A further issue is that using the regression model to forecast the target time series requires knowledge of the future values of the predictors, which are usually unavailable. If we attempt to use the fitted model in mlr_fit to forecast, R will throw an error warning us that the required predictor values cannot be found.

mlr_fit |> forecast(h = 5)

Error in `mutate()`:
ℹ In argument: `TSLM(Consumption ~ Income + Production + Savings +
  Unemployment) = (function (object, ...) ...`.
Caused by error in `value[[3L]]()`:
! object 'Income' not found
  Unable to compute required variables from provided `new_data`.
  Does your model require extra variables to produce forecasts?
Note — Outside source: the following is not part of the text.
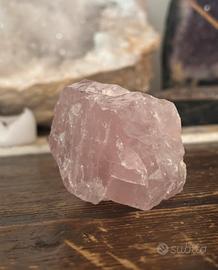 Quarzo Rosa Grezzo 222 grammi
To resolve this, these predictors can themselves be forecasted, or we may choose to use deterministic predictors instead.

14.1.5 Useful predictors

We now discuss useful deterministic predictors that can be used in time series regression. These comprise simple functions in the time index \(t\) that describe commonly seen structure in real-world time series.

Trend: We have already described the linear trend model \(Y_t = \beta_0 + \beta_1 t + W_t\). This is a regression model, where \(t\) is used as the sole predictor. We can extend this in two ways to model potentially nonlinear trend. (i) Apply polynomial functions of \(t\), e.g. we can fit the model \(Y_t = \beta_0 + \beta_1 t + \beta_2 t^2 + W_t\) via the code snippet TSLM(Y ~ trend() + I(trend() ** 2)). (ii) Apply piecewise linear functions of \(t\). We can specify where to place the knots (i.e. points of nonlinearity) via TSLM(Y ~ trend(knots = c(k1, k2, ...))), where k1, k2, and so on are datetime objects corresponding to the knot locations.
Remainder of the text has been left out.